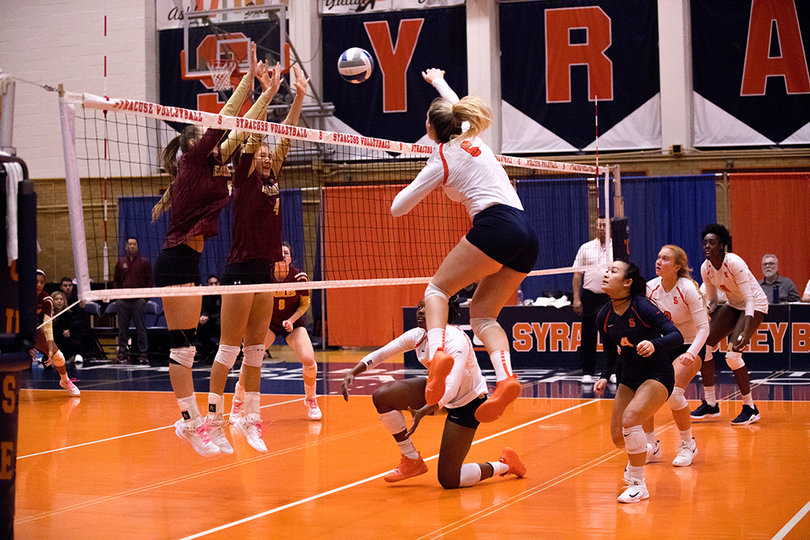 Kendra Lukacs helps secure the win against Boston College in the final set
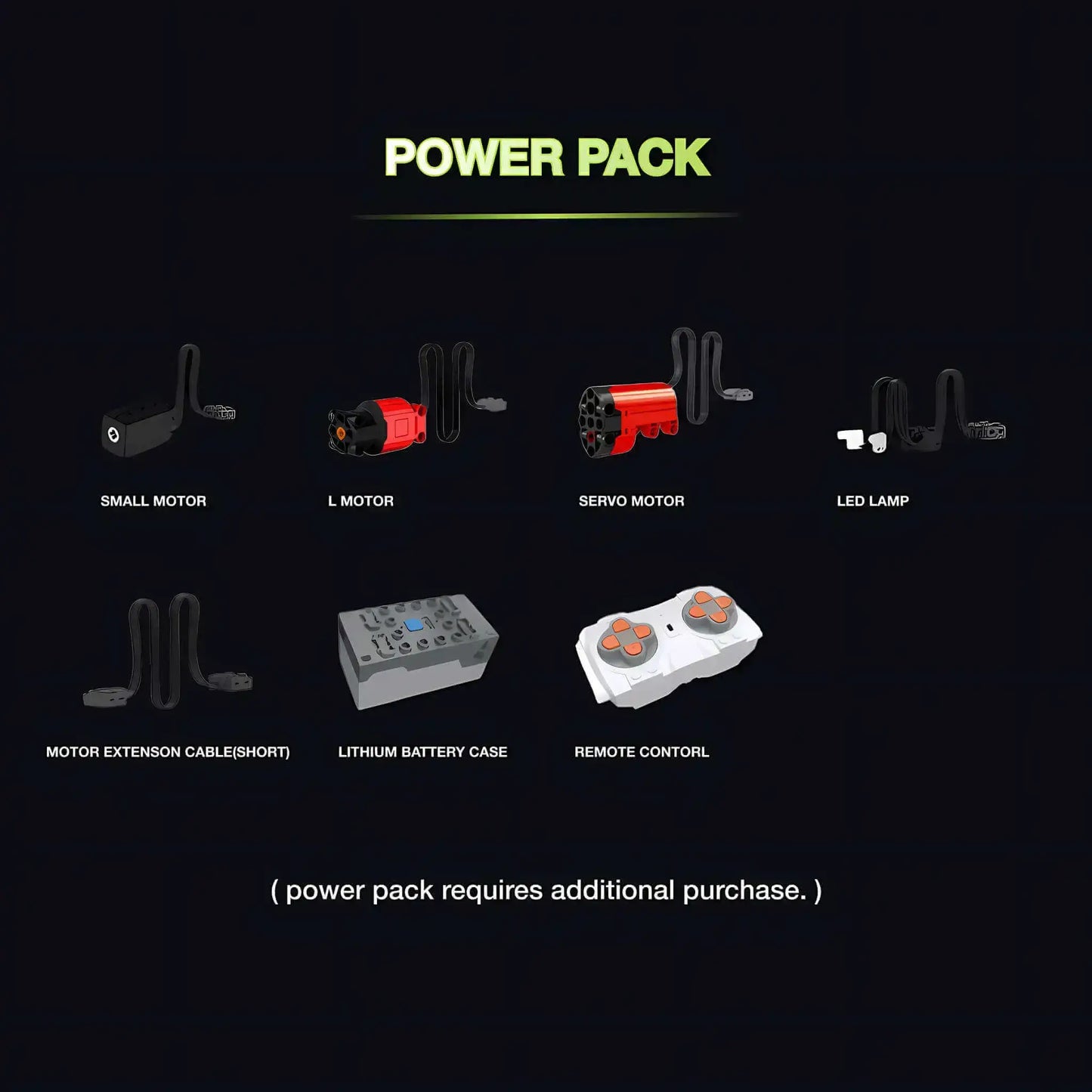 power pack of GULY 10626 porsche mission x sports car building blocks set model car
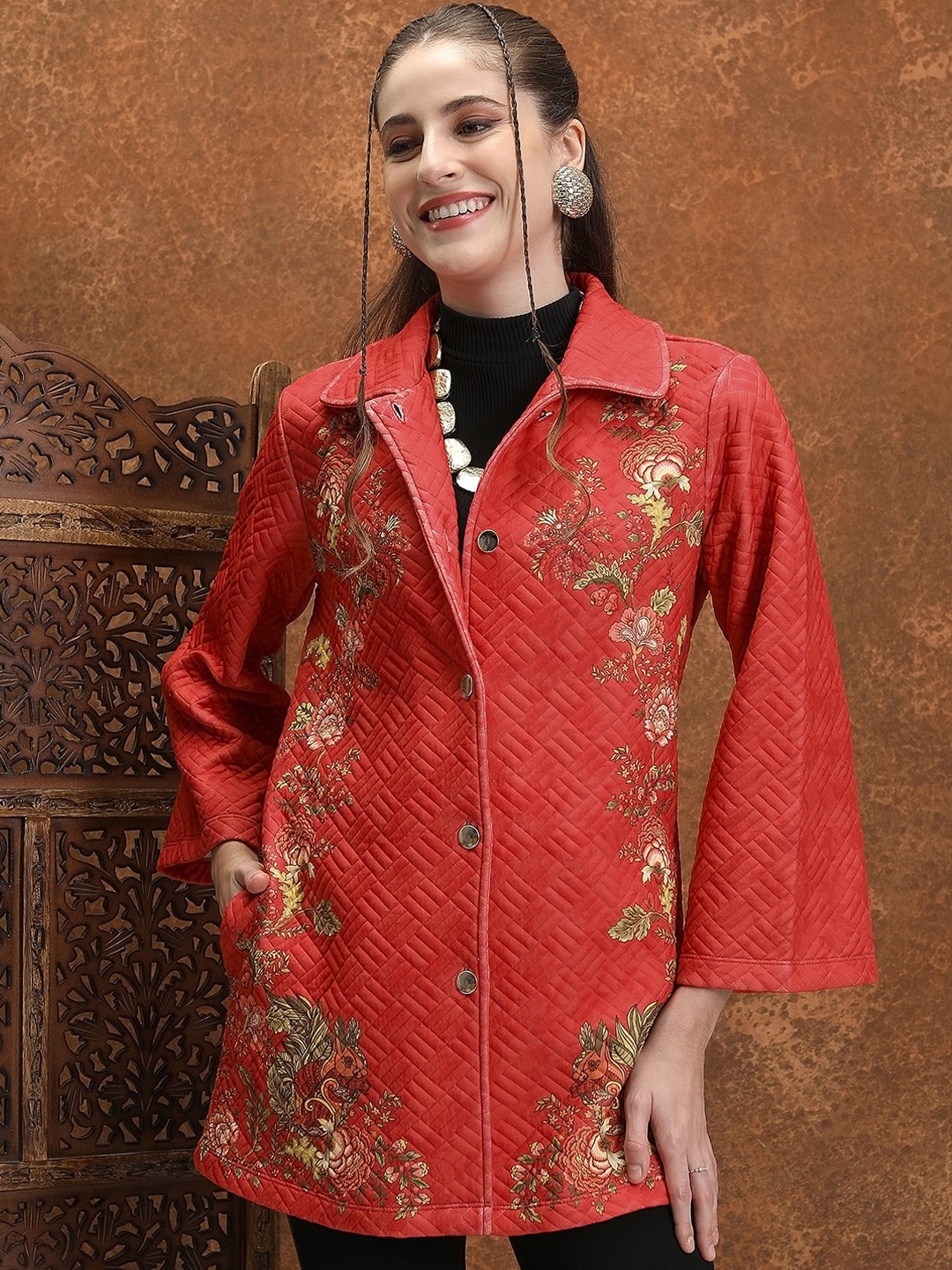 

Vishudh Floral Printed Spread Collar Longline Tailored Jacket, Red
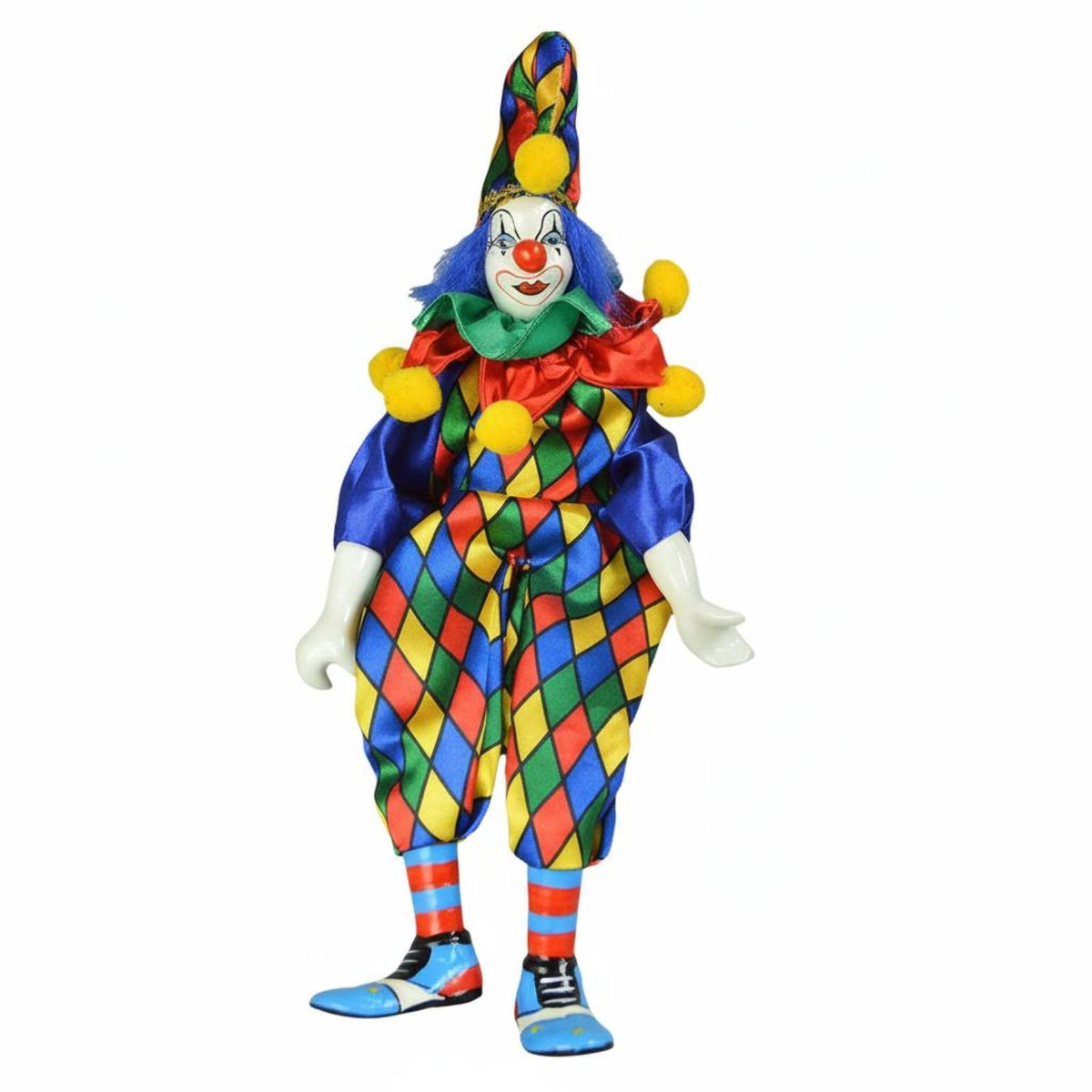 Dangling Leg Clown Doll Porcelain Head and Limbs Sitting Clown Shelf Ornament Souvenir Gift House Decoration for Collectors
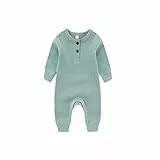 Chamie Baby Romper Newborn Knitted Jumpsuit Long Sleeve Baby Boys Girls Footless One-Piece Suit 0-24 Months,1 Pcs,Green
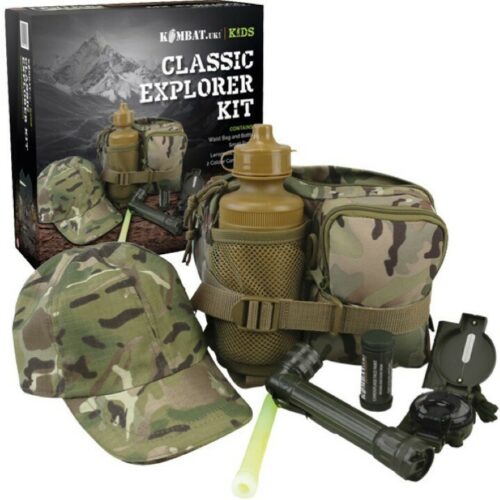 GIFT BOXED BOYS ARMY EXPLORER KIT CAP TORCH WAIST BAG WATER BOTTLE COMPASS BTP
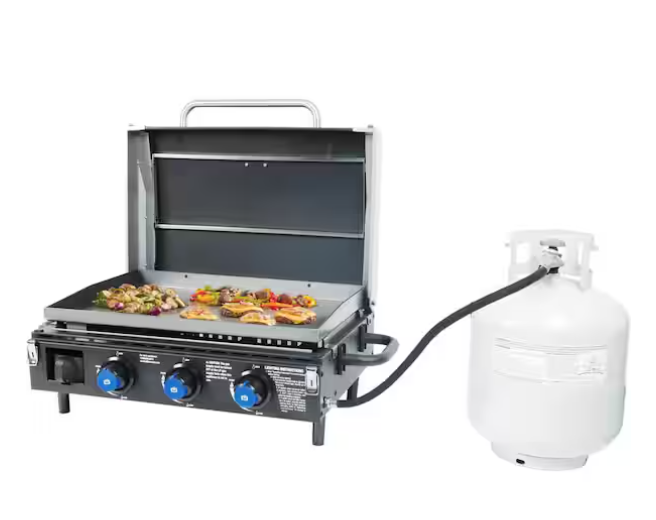 25 in. 3-Burner Portable Propane Gas Griddle with Lid in Black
★ ★ ★ ★
- _Problem statement_: Output every entry exactly, leaving out pictures.

- _Response to the task_:
 Kendra Lukacs helps secure the win against Boston College in the final set
 power pack of GULY 10626 porsche mission x sports car building blocks set model car

Vishudh Floral Printed Spread Collar Longline Tailored Jacket, Red
 Dangling Leg Clown Doll Porcelain Head and Limbs Sitting Clown Shelf Ornament Souvenir Gift House Decoration for Collectors
 Chamie Baby Romper Newborn Knitted Jumpsuit Long Sleeve Baby Boys Girls Footless One-Piece Suit 0-24 Months,1 Pcs,Green
 GIFT BOXED BOYS ARMY EXPLORER KIT CAP TORCH WAIST BAG WATER BOTTLE COMPASS BTP
 25 in. 3-Burner Portable Propane Gas Griddle with Lid in Black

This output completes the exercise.